Cuantas veces poséis vuestra mirada sobre la majestuosa Basílica [de San Pablo] pensaréis en el Apóstol de los gentiles, en su vocación a la que respondió tan ardientemente, en su deseo de sólo vivir y de morir para Cristo: Gratia autem Dei sum id quod sum, et gratia eius in me vacua non fuit, sed abundantius illis omnibus laboravi: non ego autem, sed gratia Dei mecum (Por la gracia de Dios soy lo que soy, y la gracia de Dios no ha sido estéril en mí, pues he trabajado más que todos ellos; pero no yo, sino la gracia de Dios conmigo) (1 Cor. 15, 10). La proximidad del glorioso sepulcro del atleta de Cristo será para vosotros un constante estímulo para considerar a la luz de Dios el don de la vocación y corresponder a ella con una generosidad pronta y total.
¡Oh, cuánto hemos de agradecer al Señor esta señal palpable de su presencia en el mundo! Su voz llama. En el alma del joven no hay segundas intenciones ni tradiciones familiares que transmitir ni miras ambiciosas ni ventajas terrenas, sino sólo la gloria de Dios, la santificación de su nombre, el advenimiento de su reino, el cumplimiento de su voluntad en perfecta correspondencia con las peticiones del Pater Noster. ¡De qué luz, grandeza y encanto está revestida la persona de los llamados!

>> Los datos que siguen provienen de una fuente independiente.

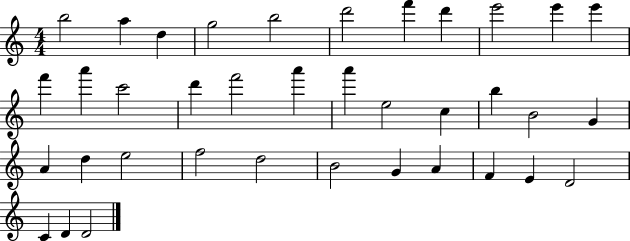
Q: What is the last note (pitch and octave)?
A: D4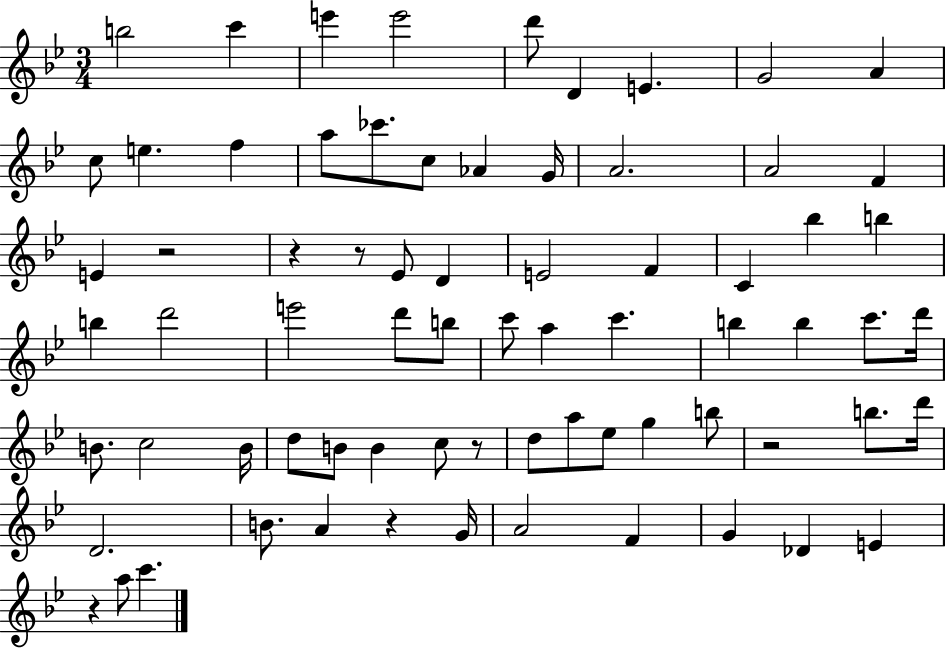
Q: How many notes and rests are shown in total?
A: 72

Es, pues, tan digna de generosidad absoluta, a ejemplo de San Pablo Apóstol, quien, sorprendido de Dios, dejó al punto todo para entregarse a su nueva misión. Esta exige en todos una correspondencia plena, hecha de entrega total, de desprendimiento absoluto de los bienes, de las preeminentes preocupaciones de carácter terreno, de los mismos parientes, para correr como gigantes por el camino elegido, para revestirse de la voluntad y sentimientos del Sacerdote eterno: Vivo autem, iam non ego, vivit vero in me Christus… qui dilexit me, et tradidit semetipsum pro me, Ya no vivo yo, es Cristo quien vive en mí, el cual me amó y se entregó por mí (Gal. 2, 20).

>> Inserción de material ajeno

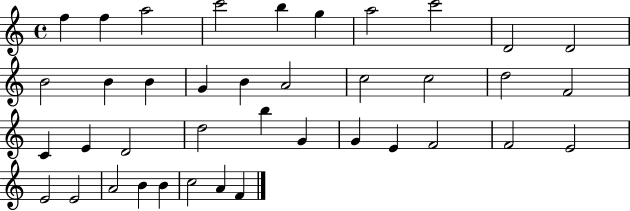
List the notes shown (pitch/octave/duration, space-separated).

F5/q F5/q A5/h C6/h B5/q G5/q A5/h C6/h D4/h D4/h B4/h B4/q B4/q G4/q B4/q A4/h C5/h C5/h D5/h F4/h C4/q E4/q D4/h D5/h B5/q G4/q G4/q E4/q F4/h F4/h E4/h E4/h E4/h A4/h B4/q B4/q C5/h A4/q F4/q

La respuesta a la invitación divina —vosotros, queridos hijos, lo demostráis— puede darse en todas las edades. Para alguno será su vida entera entregada al Señor desde la infancia, como ocurrió con el venerable Doctor de vuestra patria, Beda el Venerable, del que toma su nombre este colegio; para otros puede ser la iluminación súbita en la plena madurez de los mejores años como en un místico camino de Damasco. Los años no cuentan para Dios, sino la intensidad del amor con que se corresponde y sirve.
[Discurso del Papa Juan XXIII a los alumnos del Pontificio Colegio Beda, en Roma, 20 de Octubre de 1960].